By Nikki Papatsoumas
Young people are being promised $200 a week by Gareth Morgan’s Opportunities Party if elected this September.
Earlier this month The Opportunities Party launched an unconditional basic income policy, which is targeted at all New Zealanders aged from 18 to 23.
The policy, set at a rate of $200 a week, is designed to give all young New Zealanders a safety net of income to allow them to pursue their dreams, the party says.
As part of the policy, young people will not be drug tested or examined to qualify.
The money will be theirs as a right, from the age of 18 till their 23rd birthday.
The policy has been welcomed by New Zealand Union of Student Associations President (NZUSA), Jonathan Gee.
He says the NZUSA has long called for a universal student allowance, noting the inefficiencies and unfairness of means-tested allowances in recent decades.
“In this important election year, politicians need to speak to the lived realities of young people, and allow for their issues to be brought up into the political system”, says Gee.
“Means-testing for student allowances has proven invasive, inefficient and unreflective of the financial independence of many young people.
“We welcome policies that look toward universality, and The Opportunities Party’s youth universal basic income policy is a step in the right direction.”

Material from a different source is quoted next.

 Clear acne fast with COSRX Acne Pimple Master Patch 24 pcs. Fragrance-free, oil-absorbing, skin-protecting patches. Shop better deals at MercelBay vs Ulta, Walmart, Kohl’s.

However, Gee does dismiss inaccurate comments about tertiary education participation after Morgan stated that only 30 per cent of young people are in tertiary education, and that supporting students in university is middle class welfare as most were well-off.
‘We know that tertiary education is a powerful social lever which takes many disadvantaged communities out of poverty and reduces inequality,” Gee says.
“We want education to be available for all those currently locked out of tertiary study, not to reject their dreams.”